As Rush prepare to bring their latest show to the UK an entire nation is going prog rock crazy!

Here at rushonrock we’ll be bringing you a full review of the band’s new arena production.

And to get you in the mood here’s the second part of our exclusive interview with Alex Lifeson… 

rushonrock: Are Rush in rude health music-wise in 2011?

AL: I feel very confident about where we are in terms of playing. We’re playing some of the best music we’ve ever played. There’s a consistency night after night that wasn’t necessarily there in the early days. On the last tour we played really, really well night after night with some outstanding performances. It’s funny but it’s just so enjoyable to play right now. I’m not bored of a single song we’ve written over the years and I look forward to playing every one of them. We’re on a roll as a band.

rushonrock: Would you ever leave the UK off your touring schedule now?

AL: We’re looking forward to hitting the UK again. After being away for 12 years or so we just love to keep coming back time and time again. We did think that maybe we should give the UK and Europe a break this time. But then the tour’s been so popular elsewhere and with the Moving Pictures idea taking off we thought it would be unfair to leave the UK out of the loop. There was always quite a lot of interest in us coming back and it’s a no-brainer for the band. We just love the UK. Geddy has a flat in London and he plans on spending more time there in the future.

rushonrock: Is the new album still on course to be released next year?

AL: We’ve been writing new songs this year and we plan to enter the studio in September with plans for a record release in the spring of 2012. We haven’t changed the songwriting process too much over the years – we jam, we see how the lyrics fit. Essentially it’s always been the same. These days it does feel far more comfortable writing a new Rush record though.

rushonrock: Why is that?

AL: We delegate a lot more to each other – in the past we’ve been a bit more precious about who does what and how they do it. We’re very supportive of each other these days and it’s a very positive and pleasant working environment. When you’re younger it’s very easy to get your back up and get all protective about your ideas and how other people approach them. It’s a difficult balancing act. Sometimes conflict can be a good thing but we prefer the harmony we have now.

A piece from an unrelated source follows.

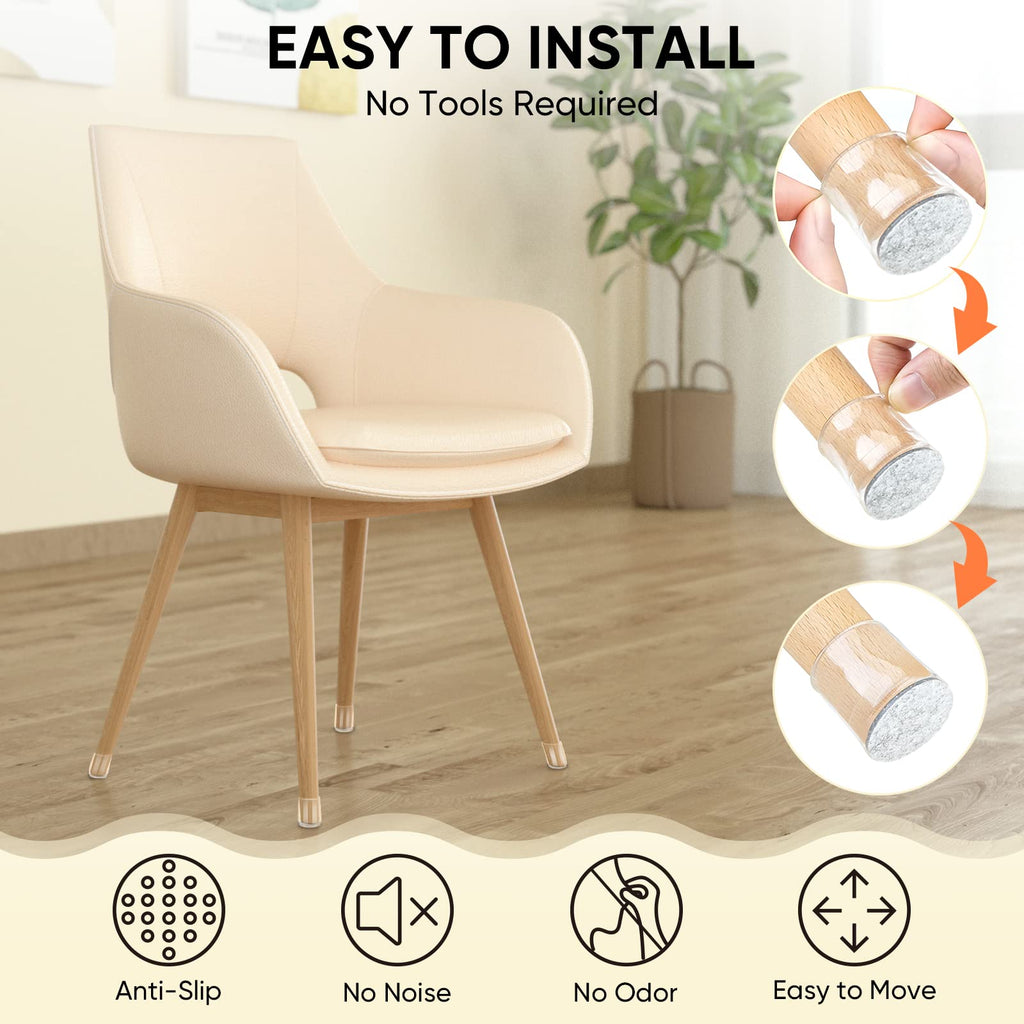 Silicone Chair Leg Floor Protectors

rushonrock: Rush are, of course, movie stars following the success of Beyond The Lighted Stage but was that film good or bad for the band?

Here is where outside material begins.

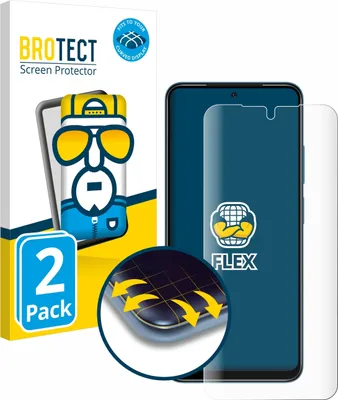 Produktbild von 2x BROTECT Fullscreen Schutzfolie für Xiaomi Redmi Note 11 Displayschutz Folie Fullcover Klar Transparent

AL: Going by the respect I get on the street, from what I’ve seen of the reviews and the renewed interest in the band I’d have to say that the Beyond The Lighted Stage film has been a huge positive for Rush. A lot has changed since that film was released. The demographic of our audience has changed significantly – there’s a lot more women at our shows! I think wives and girlfriends of Rush fans have seen a different side to the band thanks to the film. They have seen us as family people and they have seen what we hold dear in this life. Something in that film resonates with far more people than we ever imagined. Before BTLS we were well known and now we’re a little more famous!

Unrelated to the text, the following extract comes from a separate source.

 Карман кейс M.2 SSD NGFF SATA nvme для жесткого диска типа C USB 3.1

rushonrock: So is there any downside to your life story being told on the big screen?

AL: We don’t really like the intrusion into our private lives. There’s something to be said for being an underground band or a cult act. At the same time we’re reaching so many more people with music we’re very proud of.

rushonrock: Do you feel anything could have been handled differently?

AL: We had nothing to do with the film other than to be the subject of it. We made it very clear that we didn’t want any editing rights or approval rights. But the filmmakers did want us to come in and see the film as a rough edit. We didn’t volunteer any kind of cuts though. It’s very symbiotic. To see your life before you over a 40-year period is very weird. But I see the ‘story’ now. I could never see it before and didn’t really think there was a story there. You realise that it’s very unusual and unconventional for a band to stay together for the period of time we have been together.